228: A further comparator library

by Daphne Preston-Kendal

Status

This SRFI is currently in draft status. Here is an explanation of each status that a SRFI can hold. To provide input on this SRFI, please send email to srfi-228@nospamsrfi.schemers.org. To subscribe to the list, follow these instructions. You can access previous messages via the mailing list archive.

Abstract

Further procedures and syntax forms for defining SRFI 128 comparators, and for extracting comparison procedures similar to those defined for Scheme’s built-in types using them.

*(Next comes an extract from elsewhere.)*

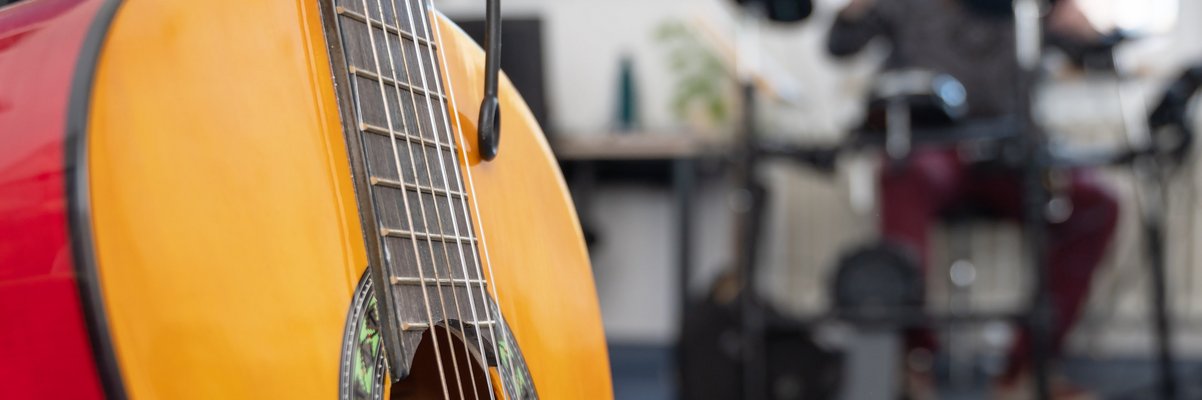 Gitarre im Vordergrund, Menschen musizieren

Best enjoyed in combination with SRFI 162.

Issues

Outstanding issues are noted inline, denoted by a highlighted background.

Rationale

A typical pattern for defining comparison behaviour for record types and other user-defined Scheme types is some form of lexicographical order over their member slots. The comparator abstraction of SRFI 128 has useful potential for reducing the code bulk of defining such comparison behaviours. This library is intended to take advantage of that potential.

Specification

All identifiers defined in this SRFI are exported in the (srfi 228) library. However, as in the case of SRFI 162, it is hoped and intended that they will simply be added to the existing comparator libraries of RnRSes and Scheme implementations, rather than being in a separate library.

(make-wrapper-comparator type-test unwrap contents-comparator) (Procedure)

Returns a comparator which compares values satisfying the predicate type-test by first calling the given unwrap procedure on them, then comparing the output of that procedure with the given contents-comparator. The hash function of the wrapper comparator returns the same value as the contents-comparator run on the unwrapped value.

(make-product-comparator comparator ... ) (Procedure)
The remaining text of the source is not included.